**PROBLEM DESCRIPTION**
For this exercise, retype the lines from the one that holds "Lobby - Tonito Hotel (Uyuni)" through the one that holds "Ashford Station Suites: Spacious" in the records below, both included, exactly and without pictures.

**INFORMATION**
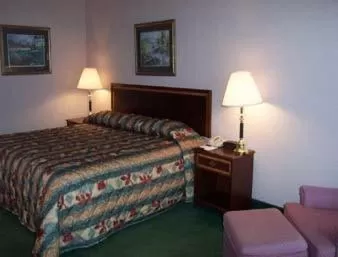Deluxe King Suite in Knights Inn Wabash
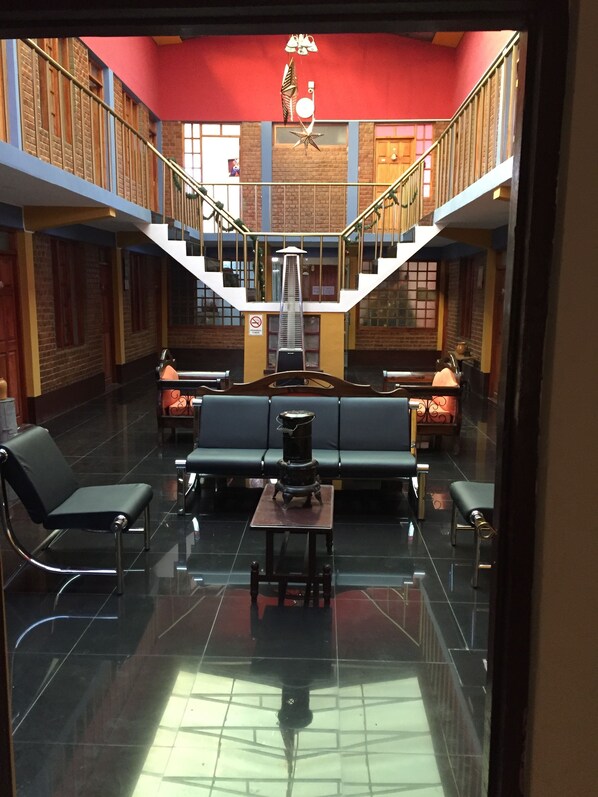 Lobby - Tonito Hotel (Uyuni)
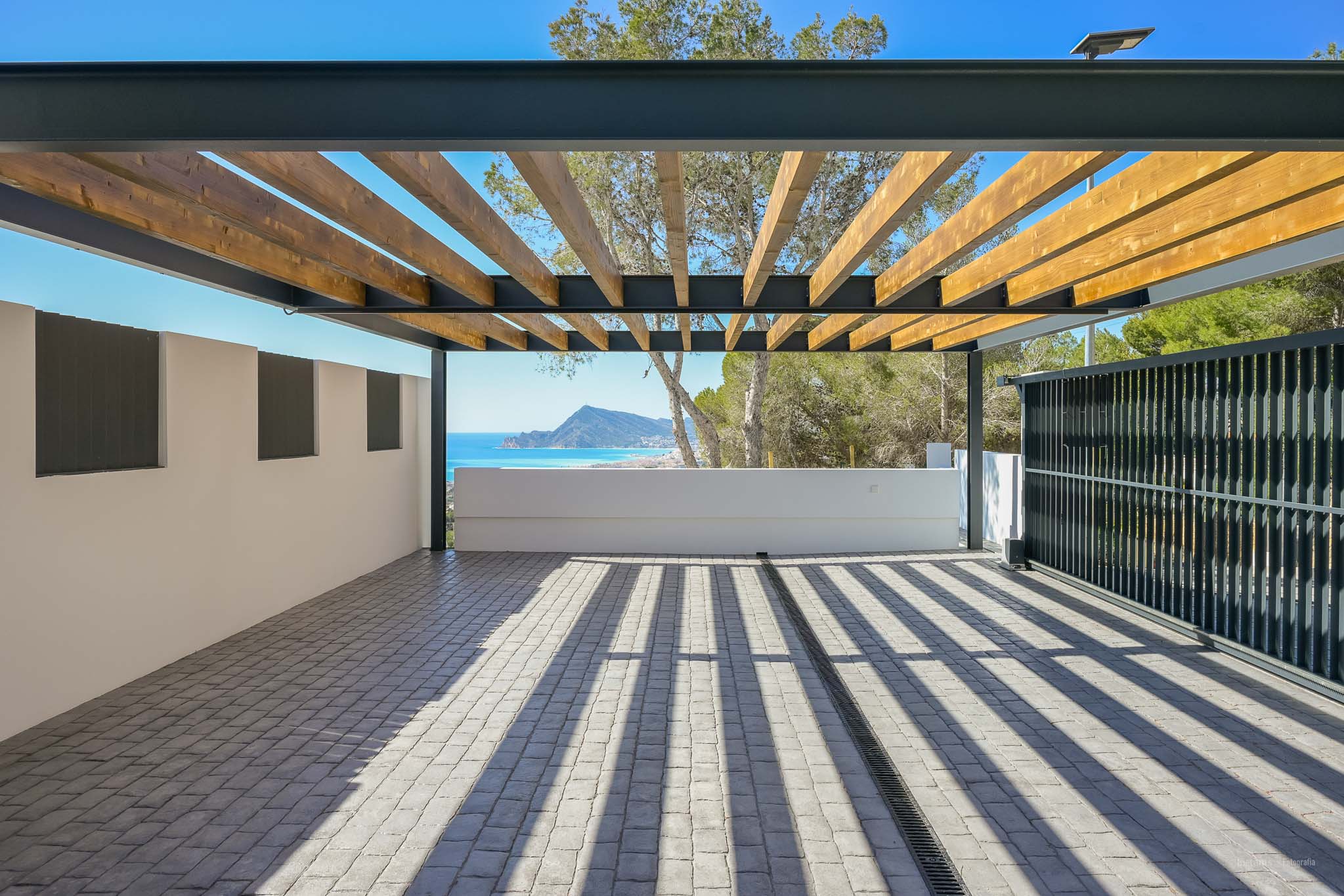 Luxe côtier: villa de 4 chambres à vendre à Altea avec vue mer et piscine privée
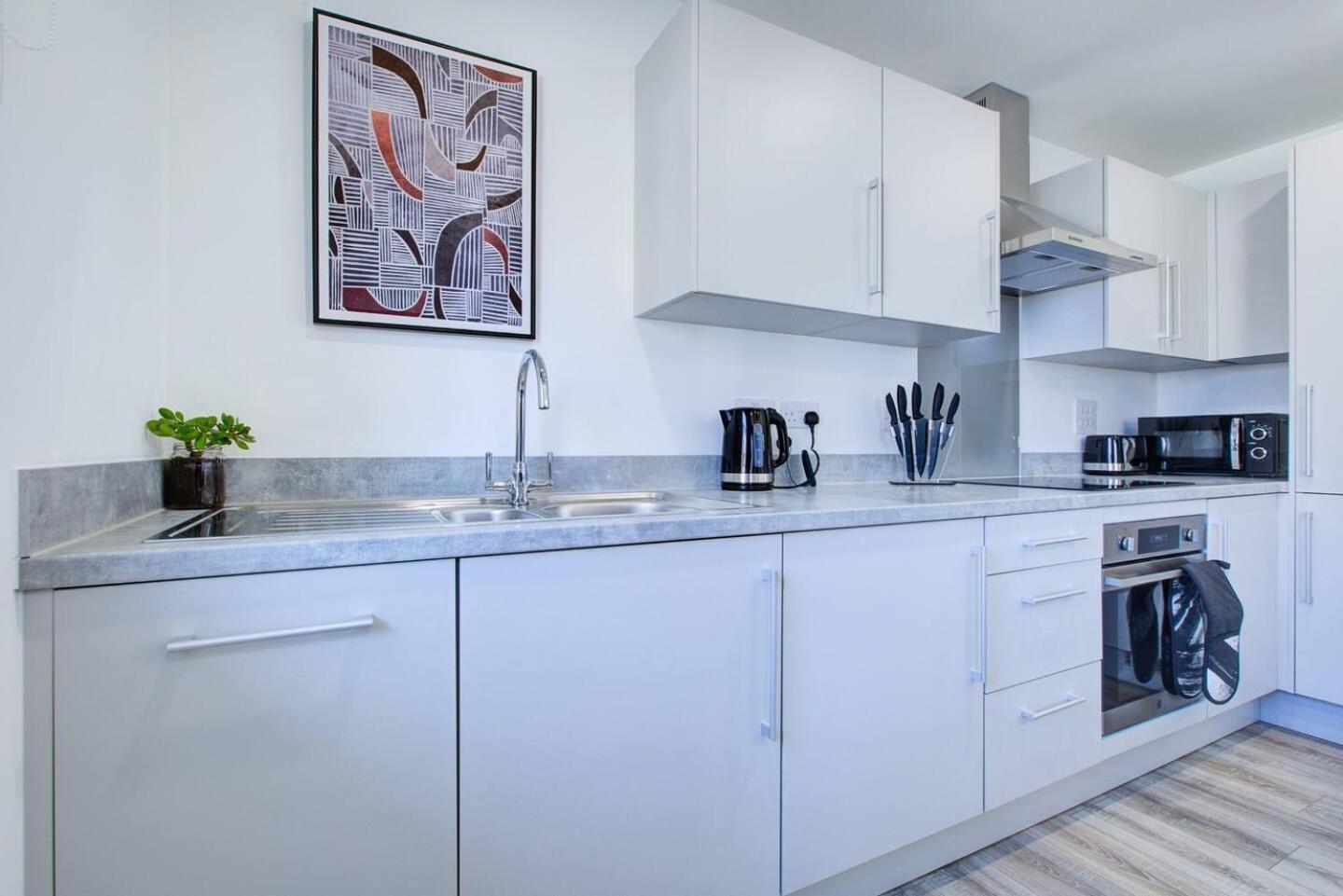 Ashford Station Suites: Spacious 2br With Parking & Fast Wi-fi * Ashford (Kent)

---

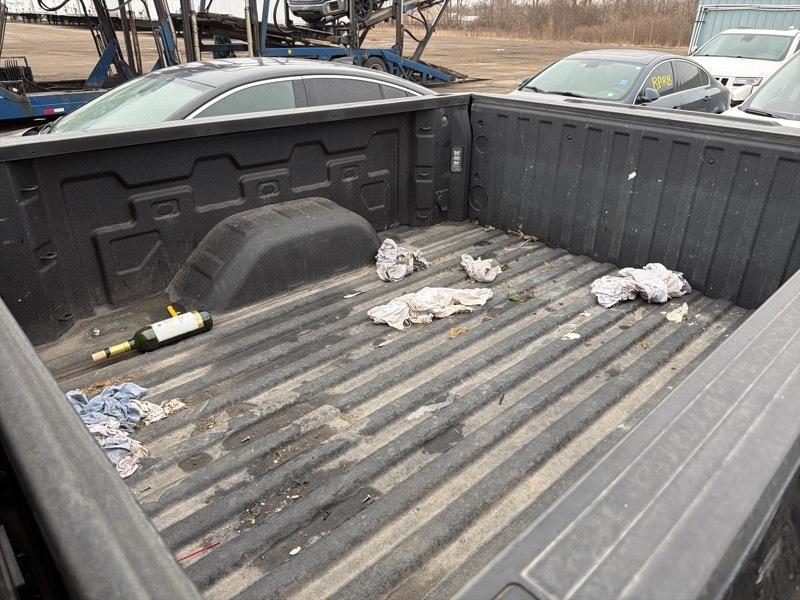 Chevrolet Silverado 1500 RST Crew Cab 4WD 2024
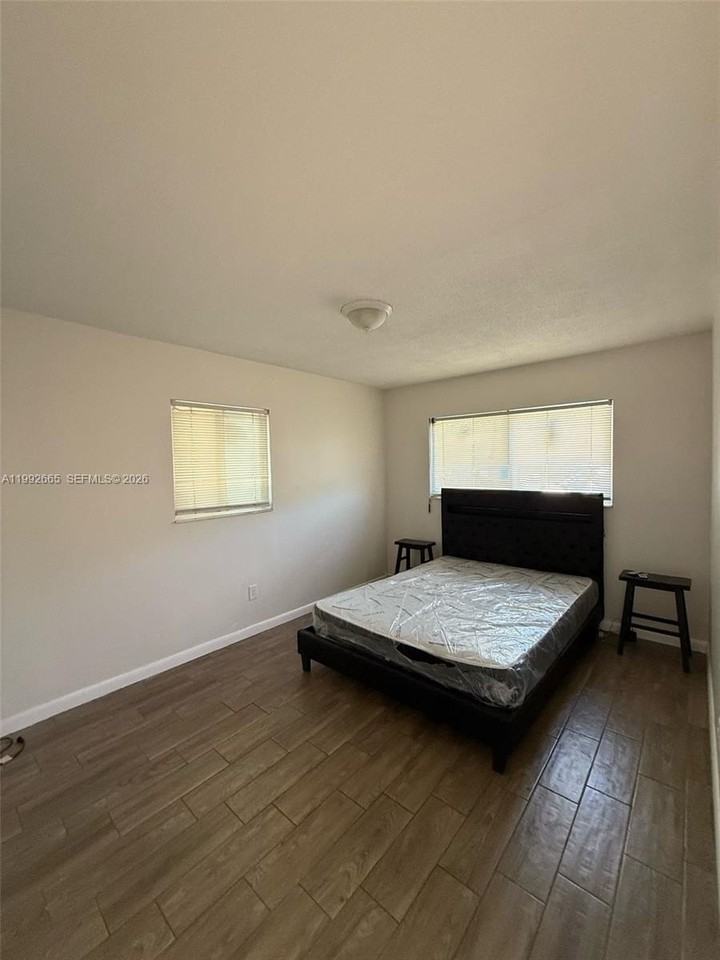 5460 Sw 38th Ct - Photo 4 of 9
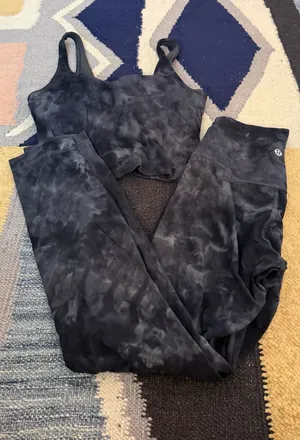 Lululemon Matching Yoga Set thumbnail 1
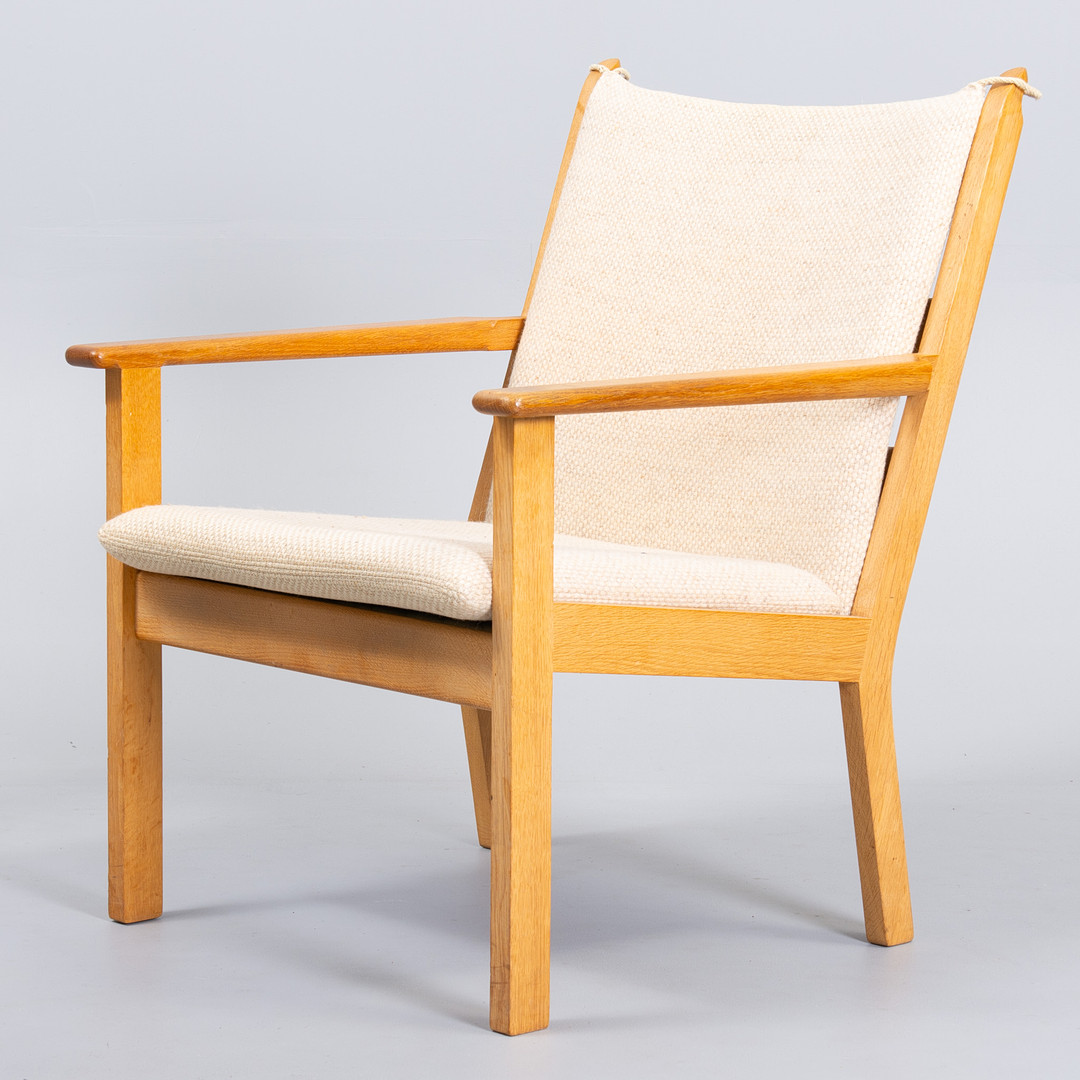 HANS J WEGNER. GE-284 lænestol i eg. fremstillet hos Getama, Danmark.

**EXERCISE RESULT**
 Lobby - Tonito Hotel (Uyuni)
 Luxe côtier: villa de 4 chambres à vendre à Altea avec vue mer et piscine privée
 Ashford Station Suites: Spacious 2br With Parking & Fast Wi-fi * Ashford (Kent)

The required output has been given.